• Work instruction:
You are to retype exactly the line with "[数量限定]活 ゾウリエビ 約200〜250g(1尾〜2尾)" and every line after it in the entries below.

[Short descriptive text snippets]
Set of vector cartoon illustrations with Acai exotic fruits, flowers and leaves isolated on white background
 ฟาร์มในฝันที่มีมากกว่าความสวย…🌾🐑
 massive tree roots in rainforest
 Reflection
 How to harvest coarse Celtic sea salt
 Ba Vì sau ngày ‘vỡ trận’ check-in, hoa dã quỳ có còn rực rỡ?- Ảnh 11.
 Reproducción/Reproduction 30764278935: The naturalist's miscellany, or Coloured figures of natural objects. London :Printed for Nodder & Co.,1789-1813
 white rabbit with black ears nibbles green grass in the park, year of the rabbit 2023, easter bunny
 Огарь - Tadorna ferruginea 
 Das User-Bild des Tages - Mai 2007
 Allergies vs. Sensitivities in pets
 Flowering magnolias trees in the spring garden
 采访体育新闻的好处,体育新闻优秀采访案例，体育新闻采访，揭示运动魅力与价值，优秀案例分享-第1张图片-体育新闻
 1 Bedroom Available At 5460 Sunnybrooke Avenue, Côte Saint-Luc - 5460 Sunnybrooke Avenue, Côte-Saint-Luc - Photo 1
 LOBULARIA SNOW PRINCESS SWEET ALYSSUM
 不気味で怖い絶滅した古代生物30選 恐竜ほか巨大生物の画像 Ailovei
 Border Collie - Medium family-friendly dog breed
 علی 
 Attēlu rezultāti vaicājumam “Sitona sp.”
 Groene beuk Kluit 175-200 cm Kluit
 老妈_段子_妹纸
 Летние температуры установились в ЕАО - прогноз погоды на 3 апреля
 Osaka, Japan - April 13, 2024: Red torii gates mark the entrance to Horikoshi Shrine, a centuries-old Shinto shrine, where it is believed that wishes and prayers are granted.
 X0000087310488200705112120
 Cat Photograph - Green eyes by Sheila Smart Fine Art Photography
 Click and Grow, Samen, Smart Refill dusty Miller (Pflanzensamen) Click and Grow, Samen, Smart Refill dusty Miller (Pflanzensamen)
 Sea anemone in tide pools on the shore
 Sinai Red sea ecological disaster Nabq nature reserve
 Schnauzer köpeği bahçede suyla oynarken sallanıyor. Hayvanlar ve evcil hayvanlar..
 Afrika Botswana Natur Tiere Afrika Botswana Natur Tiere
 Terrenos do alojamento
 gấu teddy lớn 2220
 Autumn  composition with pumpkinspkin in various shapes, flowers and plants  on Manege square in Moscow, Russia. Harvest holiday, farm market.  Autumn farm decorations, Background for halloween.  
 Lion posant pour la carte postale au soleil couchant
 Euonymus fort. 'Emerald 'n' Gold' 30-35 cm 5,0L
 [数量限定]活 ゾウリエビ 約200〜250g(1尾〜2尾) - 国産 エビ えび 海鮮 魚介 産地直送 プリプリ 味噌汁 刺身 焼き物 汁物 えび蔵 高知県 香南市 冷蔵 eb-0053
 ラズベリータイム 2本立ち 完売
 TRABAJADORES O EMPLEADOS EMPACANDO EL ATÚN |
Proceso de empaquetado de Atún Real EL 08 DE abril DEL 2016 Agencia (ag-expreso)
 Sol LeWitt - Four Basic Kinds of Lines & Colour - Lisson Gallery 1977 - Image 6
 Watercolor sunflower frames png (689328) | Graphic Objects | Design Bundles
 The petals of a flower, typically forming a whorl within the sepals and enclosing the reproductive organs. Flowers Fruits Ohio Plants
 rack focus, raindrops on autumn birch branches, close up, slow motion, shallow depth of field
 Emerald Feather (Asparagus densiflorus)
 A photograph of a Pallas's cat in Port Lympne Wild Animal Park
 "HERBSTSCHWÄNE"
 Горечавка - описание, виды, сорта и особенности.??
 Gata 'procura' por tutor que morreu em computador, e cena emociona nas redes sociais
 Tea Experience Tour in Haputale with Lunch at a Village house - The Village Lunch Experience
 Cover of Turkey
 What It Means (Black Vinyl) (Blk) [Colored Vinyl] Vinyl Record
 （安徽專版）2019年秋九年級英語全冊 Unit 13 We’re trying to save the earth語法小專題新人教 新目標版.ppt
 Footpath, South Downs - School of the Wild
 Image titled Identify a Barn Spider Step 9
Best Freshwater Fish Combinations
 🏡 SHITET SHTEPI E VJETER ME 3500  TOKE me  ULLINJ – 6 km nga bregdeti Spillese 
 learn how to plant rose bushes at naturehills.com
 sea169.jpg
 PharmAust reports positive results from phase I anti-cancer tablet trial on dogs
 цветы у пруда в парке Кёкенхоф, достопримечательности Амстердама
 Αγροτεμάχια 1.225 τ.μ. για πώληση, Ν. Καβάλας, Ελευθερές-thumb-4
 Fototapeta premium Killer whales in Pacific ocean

• Exercise solution:
 [数量限定]活 ゾウリエビ 約200〜250g(1尾〜2尾) - 国産 エビ えび 海鮮 魚介 産地直送 プリプリ 味噌汁 刺身 焼き物 汁物 えび蔵 高知県 香南市 冷蔵 eb-0053
 ラズベリータイム 2本立ち 完売
 TRABAJADORES O EMPLEADOS EMPACANDO EL ATÚN |
Proceso de empaquetado de Atún Real EL 08 DE abril DEL 2016 Agencia (ag-expreso)
 Sol LeWitt - Four Basic Kinds of Lines & Colour - Lisson Gallery 1977 - Image 6
 Watercolor sunflower frames png (689328) | Graphic Objects | Design Bundles
 The petals of a flower, typically forming a whorl within the sepals and enclosing the reproductive organs. Flowers Fruits Ohio Plants
 rack focus, raindrops on autumn birch branches, close up, slow motion, shallow depth of field
 Emerald Feather (Asparagus densiflorus)
 A photograph of a Pallas's cat in Port Lympne Wild Animal Park
 "HERBSTSCHWÄNE"
 Горечавка - описание, виды, сорта и особенности.??
 Gata 'procura' por tutor que morreu em computador, e cena emociona nas redes sociais
 Tea Experience Tour in Haputale with Lunch at a Village house - The Village Lunch Experience
 Cover of Turkey
 What It Means (Black Vinyl) (Blk) [Colored Vinyl] Vinyl Record
 （安徽專版）2019年秋九年級英語全冊 Unit 13 We’re trying to save the earth語法小專題新人教 新目標版.ppt
 Footpath, South Downs - School of the Wild
 Image titled Identify a Barn Spider Step 9
Best Freshwater Fish Combinations
 🏡 SHITET SHTEPI E VJETER ME 3500  TOKE me  ULLINJ – 6 km nga bregdeti Spillese 
 learn how to plant rose bushes at naturehills.com
 sea169.jpg
 PharmAust reports positive results from phase I anti-cancer tablet trial on dogs
 цветы у пруда в парке Кёкенхоф, достопримечательности Амстердама
 Αγροτεμάχια 1.225 τ.μ. για πώληση, Ν. Καβάλας, Ελευθερές-thumb-4
 Fototapeta premium Killer whales in Pacific ocean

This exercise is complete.